Fig. 2: Results of the final exam.
figure 2

a The distribution of the final exam scores (78 students, conducted on the DOT platform) in a normal ‘bell' shape with insignificant differences from the distribution of the midterm exam scores (before social distancing), which indicates the effectiveness of our DOT technology in collusion prevention. b With our optimized question assignment, the distribution of calculated maximum possible collusion gains in terms of percentage score showing the maximum collusion gains strictly below 7%. c The histogram of the size of a particular set of MCQs versus the number of students who received this set of questions on the left, and the distribution of this number versus the MCQ tag on the right, showing that not all student received the same questions. d Plotting q values against the number of comparisons and the number of questions to test the hypothesis that collusion resulted in students giving a significantly higher number of the same incorrect answers. As all q values are below the significance level of 0.05, we conclude that no significant collusion occurred.

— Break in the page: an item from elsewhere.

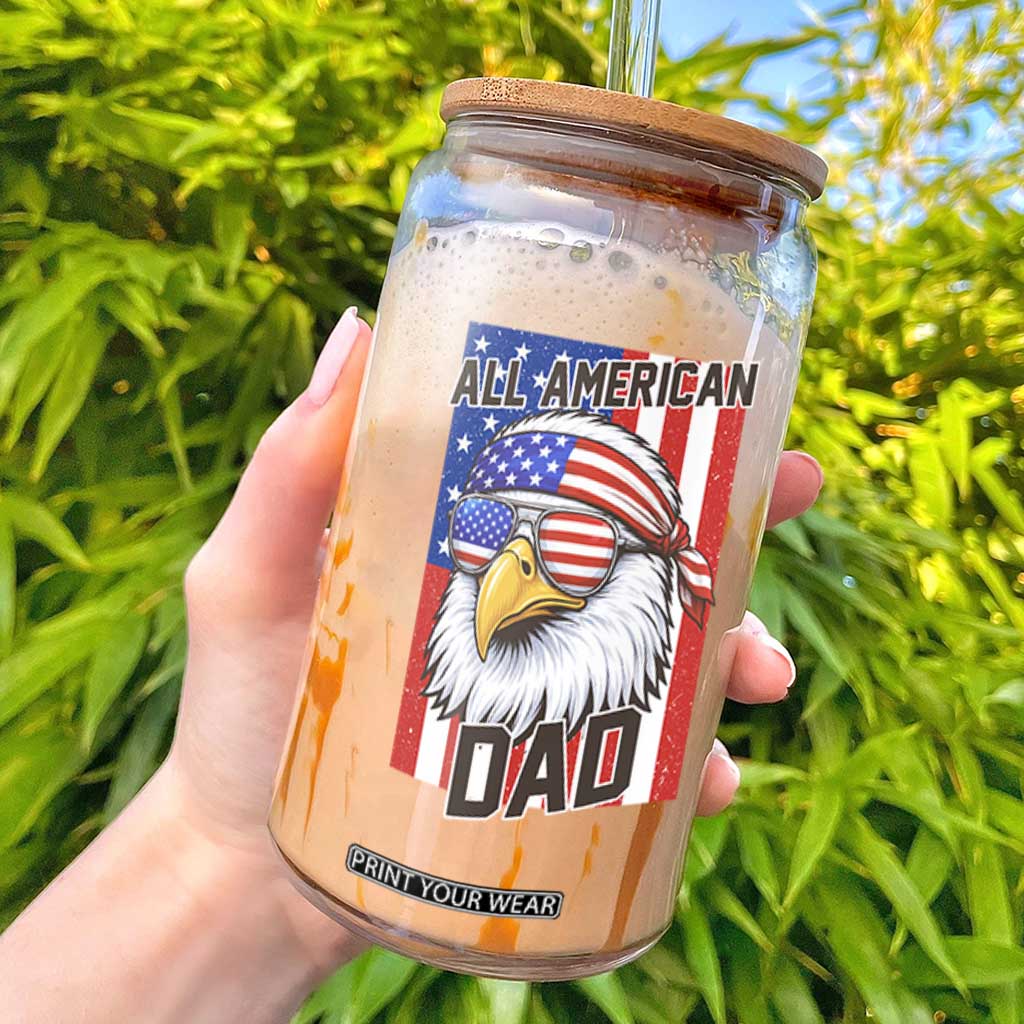 All American Dad 4th of July Glass Can Daddy Eagle USA TS14 Black Print Your Wear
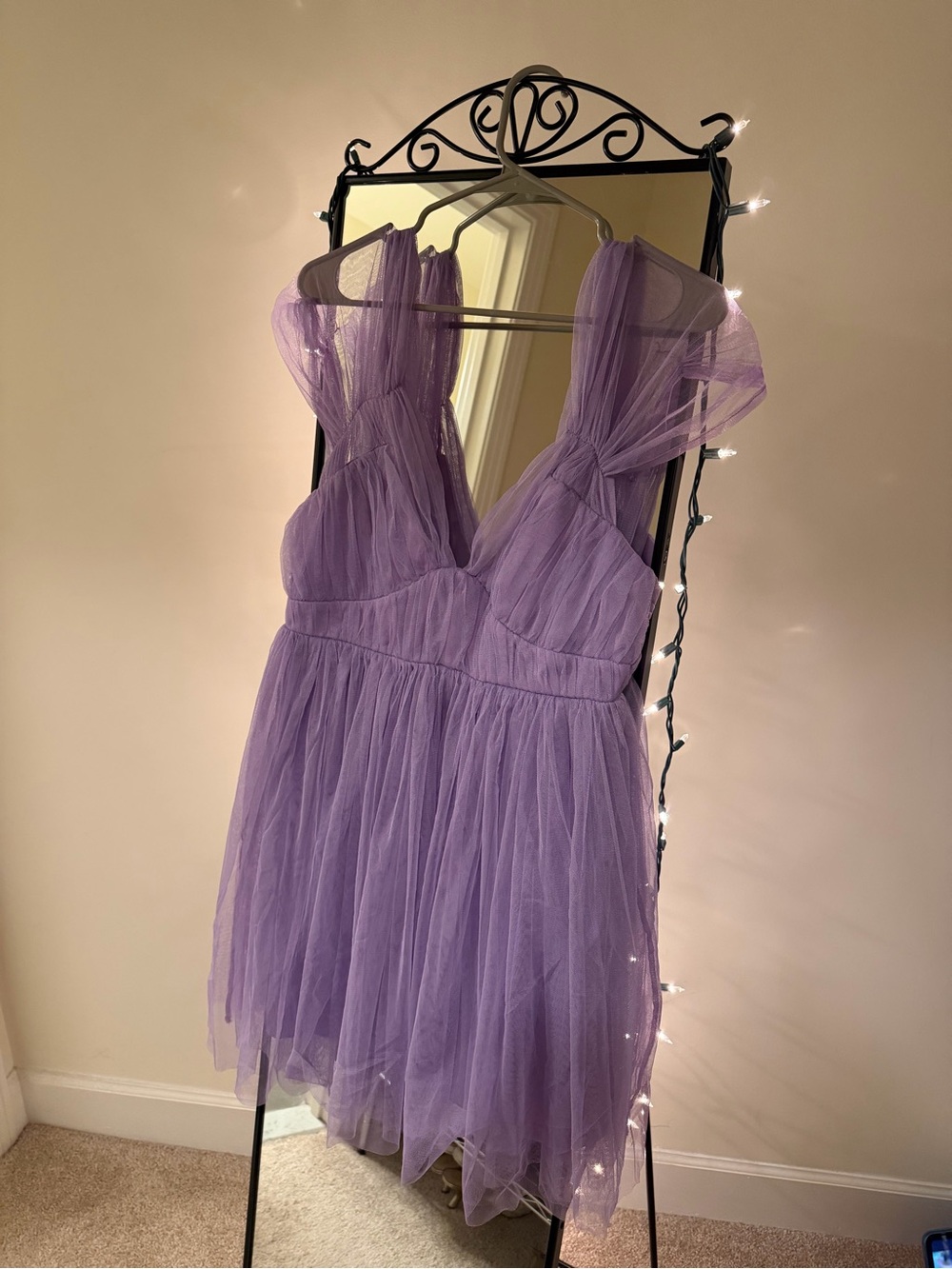 Boohoo Lavender Tulle Mini Dress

Quantitatively, the maximum gain of the students through collusion is theoretically controlled by design to be below 7% (Fig. 2b). This compares favorably to a maximum gain of 75% without the use of our optimized anti-collusion technique. It is important to note that over 90% of students may have a maximum collusion gain of below 2%, which underpins the effectiveness of our technique. One feature of this technique is that not all student shared the same question sets, which helped to reduce the colluding chances between students. In terms of the number of recipients of each MCQ, only 19 questions were assigned to all students, and 20 questions were assigned to fewer than 40 students each (Fig. 2c).

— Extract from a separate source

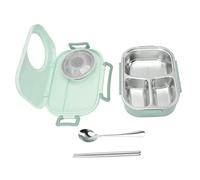 YUYTE Lunch Box da 1450 Ml, Contenitore Termico per Alimenti a Doppio Strato in Acciaio Inossidabile con Anello di Tenuta in Silicone e Set di Posate, per Bambini, Studenti, Scuola, (GREEN)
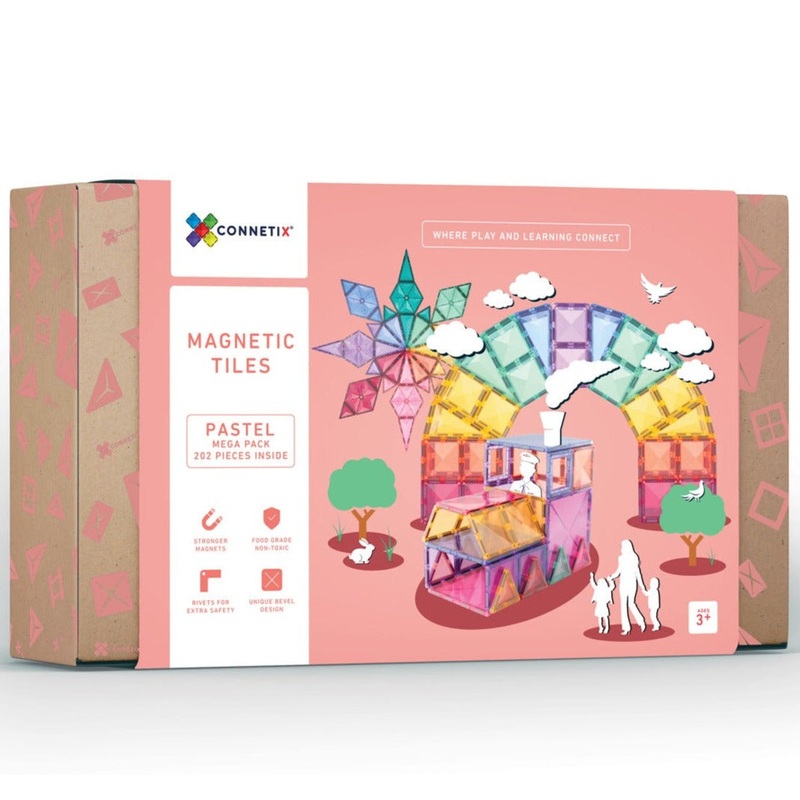 Connetix Tiles - Mega Pack 202pce | Pastel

Following from the preceding discussion, utilizing our anti-collusion exam design the controlled collusion gain was made very small but is still not zero. It is therefore imperative to test whether significant collusion did occur. To do so, we examined the following two aspects: (i) what is the frequency with which pairs of students gave the same incorrect answer and (ii) is the average number of correct answers to the first 20 questions comparable to that of the last 20 questions. The rationale for aspect (i) is that the events of student pairs giving the same incorrect answers are random and independent if no collusion occurred. The basic premise of our test is the probability that two students gave the same answer for an MCQ with Q = 4 choices is 1/4, assuming that students’ answers are independent. Conversely, this probability would be significantly higher if significant collusion occurred. The rationale for aspect (ii) is that the difference between the probabilities of correctly giving answers to the first and last 20 questions should also be random and on average zero if there was no collusion. On the other hand, given that collusion is more likely to occur during the latter half of the exam, we would expect an increase in the number of correct answers for the last 20 questions.

For aspect (i), we formulated and tested the hypothesis that significant collusion occurred using a set of paired tests50. The results of the hypothesis for testing aspect (i) confirm that the corresponding values for each false discovery rate is below the significance of 0.05 (Fig. 2d). Therefore, the empirical evidence does not support that there was an abnormal number of student pairs who consistently gave identical incorrect answers (Supplementary Note 5). To address aspect (ii), we formulated and tested the hypothesis that the difference in means of correctly giving answers to the first and the last 20 questions is zero. Based on the 78 students’ answers to their questions in the exam, we utilized the non-parametric Wilcoxon signed-rank test for paired observations49, which yielded a p value of 0.3133. Based on the evidence, we cannot reject the hypothesis that the average numbers of correct answers to the first and the last 20 questions are identical. In other words, the difference is not statistically significant between the average numbers of correct answers to the first 20 questions and the last 20 ones.

Feedback from the post-exam survey

The post-exam survey indicates that the online exam using the DOT platform was well received by a majority of students (Fig. 3). More precisely, 76.9% of students (Fig. 3a) rated the duration for answering questions to be 3 or above out of a 5 point scale ranging from Very Insufficient (1) to Very Sufficient (5), and 80.8% students (Fig. 3b) rated the convenience of using the platform’s interface to be 3 or above on a 5 point scale ranging from Very Inconvenient (1) to Very Convenient (5). The survey also secured feedback concerning the degree of difficulty for the exam questions. Close to 70% of students voted “reasonable”, which is the third choice (Fig. 3c). When excluding the extremes “easy”, or choice number 1, and “difficult”, or choice number 5, 96.1% of students found the questions within the acceptable range (between 2 and 4). The survey finally inquired how similar the final online exam for the students was compared to other online exams they took. The students’ opinions on how familiar the other online exams were with the look-and-feel of our online exam, showing that around 59% of students answered 3 or above out of a 5 point scale ranging from Very Different (1) to No Different (5) (Fig. 3d). The remaining 41% of students indicated that the format of the final exam is different to other exam settings by selecting options (1) and (2).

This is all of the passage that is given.